The War on Pirate Fishing

Pirates are stealing your fish and destroying the ecosystems that sustain them, but some of the world’s fishing nations are fighting back.

Large boat with "Stolen fish" painted on it
Greenpeace activists paint “Stolen Fish” and occupy the cargo vessel Binar 4, full of fish taken illegally from Guinean waters. The Binar 4 is Chinese-owned under the convenience flag of Panama. Greenpeace photograph by Pierre Gleizes
By Ted Williams

Illegal, unreported and unreg-ulated fishing, more aptly called pirate fishing, is now a global problem. It trashes regional management plans and depletes all manner of species, including popular gamefish like tunas, billfish, mackerels, mahi, snappers and groupers along with the prey bases that support them. And it floods markets, undercutting honest fishermen. An estimated 20 to 33 percent of all marine fish caught around the globe are taken illegally, costing as much as $23.5 billion annually.

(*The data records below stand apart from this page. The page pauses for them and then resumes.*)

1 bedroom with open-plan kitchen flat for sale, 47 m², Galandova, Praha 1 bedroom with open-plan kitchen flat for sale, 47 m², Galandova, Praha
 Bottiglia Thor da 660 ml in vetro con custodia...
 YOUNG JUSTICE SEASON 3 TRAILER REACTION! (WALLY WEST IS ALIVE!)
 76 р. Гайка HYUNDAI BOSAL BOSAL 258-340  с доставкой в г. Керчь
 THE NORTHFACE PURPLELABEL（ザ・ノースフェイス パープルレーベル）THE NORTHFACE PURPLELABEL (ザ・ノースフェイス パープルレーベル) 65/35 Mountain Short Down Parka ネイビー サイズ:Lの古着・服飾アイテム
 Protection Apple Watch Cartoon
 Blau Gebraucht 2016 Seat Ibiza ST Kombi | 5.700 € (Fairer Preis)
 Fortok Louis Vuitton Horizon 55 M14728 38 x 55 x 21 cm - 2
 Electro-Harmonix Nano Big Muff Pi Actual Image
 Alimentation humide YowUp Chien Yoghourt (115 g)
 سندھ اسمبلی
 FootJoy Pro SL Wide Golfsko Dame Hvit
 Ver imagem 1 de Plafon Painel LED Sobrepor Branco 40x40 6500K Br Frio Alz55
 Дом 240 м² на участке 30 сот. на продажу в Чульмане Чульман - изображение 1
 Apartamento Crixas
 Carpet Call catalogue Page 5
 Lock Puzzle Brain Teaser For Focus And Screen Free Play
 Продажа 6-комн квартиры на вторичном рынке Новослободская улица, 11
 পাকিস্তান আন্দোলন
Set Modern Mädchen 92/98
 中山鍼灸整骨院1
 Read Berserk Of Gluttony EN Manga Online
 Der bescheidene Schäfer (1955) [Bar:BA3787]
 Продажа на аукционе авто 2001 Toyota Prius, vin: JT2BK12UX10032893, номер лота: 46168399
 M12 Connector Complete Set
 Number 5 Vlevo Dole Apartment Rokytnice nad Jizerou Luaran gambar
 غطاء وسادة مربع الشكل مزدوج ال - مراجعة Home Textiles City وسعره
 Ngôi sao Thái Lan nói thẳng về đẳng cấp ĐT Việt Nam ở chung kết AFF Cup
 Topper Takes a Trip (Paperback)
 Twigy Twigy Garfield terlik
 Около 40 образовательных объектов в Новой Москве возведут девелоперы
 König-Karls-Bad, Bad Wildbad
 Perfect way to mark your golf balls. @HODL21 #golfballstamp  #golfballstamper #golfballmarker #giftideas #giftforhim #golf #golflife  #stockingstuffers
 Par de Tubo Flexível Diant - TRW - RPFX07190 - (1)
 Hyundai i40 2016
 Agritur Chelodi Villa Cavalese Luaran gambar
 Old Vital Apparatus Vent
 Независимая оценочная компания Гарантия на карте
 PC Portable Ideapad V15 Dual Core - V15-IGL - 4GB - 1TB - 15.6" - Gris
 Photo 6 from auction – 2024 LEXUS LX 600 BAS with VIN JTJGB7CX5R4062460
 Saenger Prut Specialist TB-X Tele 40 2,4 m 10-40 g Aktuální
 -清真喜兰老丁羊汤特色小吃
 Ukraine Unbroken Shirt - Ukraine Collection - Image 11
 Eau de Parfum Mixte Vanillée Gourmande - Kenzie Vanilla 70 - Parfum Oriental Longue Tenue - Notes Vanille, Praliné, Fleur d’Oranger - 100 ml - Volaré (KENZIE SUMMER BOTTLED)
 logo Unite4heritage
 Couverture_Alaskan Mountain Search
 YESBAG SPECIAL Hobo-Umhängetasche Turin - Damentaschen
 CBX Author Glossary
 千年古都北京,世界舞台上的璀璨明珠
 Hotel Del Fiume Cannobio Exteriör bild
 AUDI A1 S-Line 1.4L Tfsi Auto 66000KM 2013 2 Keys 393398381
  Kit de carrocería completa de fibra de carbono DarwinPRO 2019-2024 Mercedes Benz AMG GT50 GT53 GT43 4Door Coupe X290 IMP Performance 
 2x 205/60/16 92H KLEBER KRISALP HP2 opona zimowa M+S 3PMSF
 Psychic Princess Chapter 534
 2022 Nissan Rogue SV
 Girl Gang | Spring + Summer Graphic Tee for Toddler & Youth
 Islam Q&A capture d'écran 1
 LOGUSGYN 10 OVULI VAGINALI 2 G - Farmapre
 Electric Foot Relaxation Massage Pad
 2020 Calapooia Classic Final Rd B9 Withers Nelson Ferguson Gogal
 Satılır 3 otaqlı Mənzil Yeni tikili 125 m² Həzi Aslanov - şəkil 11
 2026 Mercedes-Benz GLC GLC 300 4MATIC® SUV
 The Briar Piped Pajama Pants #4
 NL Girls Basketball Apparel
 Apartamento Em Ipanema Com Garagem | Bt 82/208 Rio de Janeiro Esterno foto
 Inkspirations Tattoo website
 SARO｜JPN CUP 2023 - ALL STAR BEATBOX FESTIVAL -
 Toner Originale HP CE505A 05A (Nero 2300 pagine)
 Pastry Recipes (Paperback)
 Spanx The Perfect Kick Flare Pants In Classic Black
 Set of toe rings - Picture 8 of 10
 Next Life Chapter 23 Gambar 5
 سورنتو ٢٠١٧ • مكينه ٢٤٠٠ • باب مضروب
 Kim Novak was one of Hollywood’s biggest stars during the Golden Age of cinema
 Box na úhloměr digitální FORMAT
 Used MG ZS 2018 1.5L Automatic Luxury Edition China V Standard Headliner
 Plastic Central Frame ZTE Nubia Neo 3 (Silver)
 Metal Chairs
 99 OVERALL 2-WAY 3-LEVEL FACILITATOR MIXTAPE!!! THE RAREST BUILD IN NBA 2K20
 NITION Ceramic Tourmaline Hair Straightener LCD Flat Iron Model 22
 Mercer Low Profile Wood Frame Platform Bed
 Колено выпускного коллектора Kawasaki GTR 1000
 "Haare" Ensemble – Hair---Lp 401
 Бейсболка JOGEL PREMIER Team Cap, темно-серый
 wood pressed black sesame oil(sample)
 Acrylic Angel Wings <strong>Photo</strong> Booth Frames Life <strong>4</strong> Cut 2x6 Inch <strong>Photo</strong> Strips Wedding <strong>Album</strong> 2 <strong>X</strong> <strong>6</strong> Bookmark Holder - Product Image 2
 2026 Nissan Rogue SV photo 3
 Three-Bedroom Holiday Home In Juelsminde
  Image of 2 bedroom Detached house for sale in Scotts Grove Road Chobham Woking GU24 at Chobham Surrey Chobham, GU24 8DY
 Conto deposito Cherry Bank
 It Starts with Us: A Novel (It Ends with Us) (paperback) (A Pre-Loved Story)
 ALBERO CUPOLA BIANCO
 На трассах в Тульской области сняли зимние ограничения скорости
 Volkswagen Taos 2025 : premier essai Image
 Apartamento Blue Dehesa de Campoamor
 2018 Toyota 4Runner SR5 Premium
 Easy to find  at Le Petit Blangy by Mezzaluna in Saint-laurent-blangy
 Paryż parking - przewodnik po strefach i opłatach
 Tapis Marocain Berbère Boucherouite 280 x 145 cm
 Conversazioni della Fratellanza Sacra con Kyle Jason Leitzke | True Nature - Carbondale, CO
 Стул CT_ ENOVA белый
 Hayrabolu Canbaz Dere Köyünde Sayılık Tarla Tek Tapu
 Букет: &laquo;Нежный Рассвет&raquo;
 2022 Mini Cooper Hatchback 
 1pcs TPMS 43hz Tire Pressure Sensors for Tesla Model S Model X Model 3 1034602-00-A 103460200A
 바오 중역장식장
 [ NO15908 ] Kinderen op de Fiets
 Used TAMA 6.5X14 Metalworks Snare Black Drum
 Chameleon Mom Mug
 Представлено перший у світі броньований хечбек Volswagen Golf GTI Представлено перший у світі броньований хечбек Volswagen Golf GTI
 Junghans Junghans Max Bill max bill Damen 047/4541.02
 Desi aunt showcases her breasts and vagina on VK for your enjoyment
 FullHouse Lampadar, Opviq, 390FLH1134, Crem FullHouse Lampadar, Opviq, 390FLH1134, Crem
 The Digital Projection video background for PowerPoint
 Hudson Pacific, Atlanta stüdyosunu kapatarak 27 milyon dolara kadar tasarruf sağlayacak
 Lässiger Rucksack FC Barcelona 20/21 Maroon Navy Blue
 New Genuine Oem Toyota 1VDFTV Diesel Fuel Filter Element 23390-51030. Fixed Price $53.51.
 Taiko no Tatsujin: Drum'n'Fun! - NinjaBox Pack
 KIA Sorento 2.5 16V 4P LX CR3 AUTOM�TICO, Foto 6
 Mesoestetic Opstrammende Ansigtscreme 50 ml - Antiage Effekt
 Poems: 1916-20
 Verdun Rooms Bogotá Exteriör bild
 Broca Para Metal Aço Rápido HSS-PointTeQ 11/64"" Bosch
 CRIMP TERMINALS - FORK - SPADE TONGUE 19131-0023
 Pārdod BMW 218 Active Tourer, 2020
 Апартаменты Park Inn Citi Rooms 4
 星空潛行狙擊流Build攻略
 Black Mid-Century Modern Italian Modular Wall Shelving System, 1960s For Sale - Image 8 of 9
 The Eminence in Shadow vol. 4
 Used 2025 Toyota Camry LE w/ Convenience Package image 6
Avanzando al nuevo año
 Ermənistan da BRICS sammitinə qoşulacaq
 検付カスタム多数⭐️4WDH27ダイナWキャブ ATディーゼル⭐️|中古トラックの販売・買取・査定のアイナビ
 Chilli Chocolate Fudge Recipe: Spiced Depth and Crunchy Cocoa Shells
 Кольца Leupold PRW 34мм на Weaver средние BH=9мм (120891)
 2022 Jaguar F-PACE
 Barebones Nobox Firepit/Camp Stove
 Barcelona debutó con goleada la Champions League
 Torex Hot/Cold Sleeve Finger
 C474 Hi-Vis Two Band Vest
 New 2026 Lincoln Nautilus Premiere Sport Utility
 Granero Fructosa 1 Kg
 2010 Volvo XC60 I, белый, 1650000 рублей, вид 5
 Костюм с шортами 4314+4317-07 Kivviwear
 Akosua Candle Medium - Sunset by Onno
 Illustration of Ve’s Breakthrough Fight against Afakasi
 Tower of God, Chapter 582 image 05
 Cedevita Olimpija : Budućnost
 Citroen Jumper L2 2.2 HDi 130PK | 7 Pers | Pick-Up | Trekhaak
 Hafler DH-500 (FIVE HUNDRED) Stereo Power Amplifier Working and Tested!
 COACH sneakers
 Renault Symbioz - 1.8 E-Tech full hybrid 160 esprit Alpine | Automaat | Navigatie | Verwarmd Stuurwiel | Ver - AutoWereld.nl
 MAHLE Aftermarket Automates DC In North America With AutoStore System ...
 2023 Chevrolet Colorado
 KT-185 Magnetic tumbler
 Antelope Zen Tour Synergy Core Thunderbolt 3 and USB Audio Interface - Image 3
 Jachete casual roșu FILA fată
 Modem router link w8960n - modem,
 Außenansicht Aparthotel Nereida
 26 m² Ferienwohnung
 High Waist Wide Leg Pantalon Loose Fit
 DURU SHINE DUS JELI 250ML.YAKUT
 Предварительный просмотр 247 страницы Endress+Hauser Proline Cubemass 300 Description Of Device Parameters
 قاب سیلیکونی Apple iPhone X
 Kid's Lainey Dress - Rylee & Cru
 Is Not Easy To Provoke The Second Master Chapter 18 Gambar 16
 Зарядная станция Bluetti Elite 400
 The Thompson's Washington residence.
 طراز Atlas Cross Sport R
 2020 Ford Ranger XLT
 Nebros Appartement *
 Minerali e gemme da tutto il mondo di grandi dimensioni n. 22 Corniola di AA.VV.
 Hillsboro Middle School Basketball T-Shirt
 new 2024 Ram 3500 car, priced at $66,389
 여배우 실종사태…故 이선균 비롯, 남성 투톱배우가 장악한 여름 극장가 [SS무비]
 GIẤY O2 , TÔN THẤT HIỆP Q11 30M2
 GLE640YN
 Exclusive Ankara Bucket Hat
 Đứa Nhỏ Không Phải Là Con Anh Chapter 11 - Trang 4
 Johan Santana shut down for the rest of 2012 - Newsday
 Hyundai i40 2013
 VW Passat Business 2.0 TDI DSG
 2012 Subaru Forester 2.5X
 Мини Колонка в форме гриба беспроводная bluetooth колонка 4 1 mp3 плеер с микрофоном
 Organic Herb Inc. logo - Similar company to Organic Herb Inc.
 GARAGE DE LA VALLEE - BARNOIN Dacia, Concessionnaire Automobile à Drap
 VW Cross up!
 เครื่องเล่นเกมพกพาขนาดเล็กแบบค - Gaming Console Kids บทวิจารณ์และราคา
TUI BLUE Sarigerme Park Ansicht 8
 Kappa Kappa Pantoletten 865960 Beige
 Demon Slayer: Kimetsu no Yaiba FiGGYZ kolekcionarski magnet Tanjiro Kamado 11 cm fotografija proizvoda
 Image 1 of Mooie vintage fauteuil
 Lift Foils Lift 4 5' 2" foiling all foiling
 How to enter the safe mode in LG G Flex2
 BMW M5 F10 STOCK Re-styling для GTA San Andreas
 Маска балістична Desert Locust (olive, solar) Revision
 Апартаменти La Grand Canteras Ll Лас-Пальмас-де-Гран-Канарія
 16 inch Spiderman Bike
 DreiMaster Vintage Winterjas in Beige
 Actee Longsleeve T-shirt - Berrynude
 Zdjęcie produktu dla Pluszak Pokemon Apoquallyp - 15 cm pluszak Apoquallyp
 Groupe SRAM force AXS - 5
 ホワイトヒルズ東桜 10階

The US is the world’s leading importer of fish. Ninety percent of fish we consume comes from foreign markets.

Citizens of the West African nations of Mauritania, Sierra Leone, Senegal, Liberia, Guinea and Ghana depend heavily on fish. But pirates, all from away and in large metal ships often tended by larger “reefer” (refrigerator) ships, smash the locals’ dugout canoes and destroy their nets. In some villages there’s a real threat of starvation.

In all temperate and tropical oceans—but especially in Somalia, Tuvalu, Tanzania and Papua New Guinea—pirates deploy giant, non-selective nets, wiping out entire schools of tuna, including juveniles, which they discard dead. Somalia alone loses about $300 million a year to pirate fishing.

Pirate vessels change names and flags of registry like squid change color. And when they’re not stealing fish, they frequently moonlight as smugglers. Human-rights abuses are rampant. For example, when the pirate vessel Sor Somboon 19 was forced to return to Thailand in January 2016, a Greenpeace team interviewed the Cambodian crewmen, finding victims of forced labor. Many were hospitalized, and some died from vitamin B1 deficiency.

Since pirates flout fishing laws, there’s little motivation for them to obey food-safety regulations. Investigations by the World Wildlife Fund, Oceana and others have determined that much of the illegal catch is tainted, falsely labeled and commingled with the US catch.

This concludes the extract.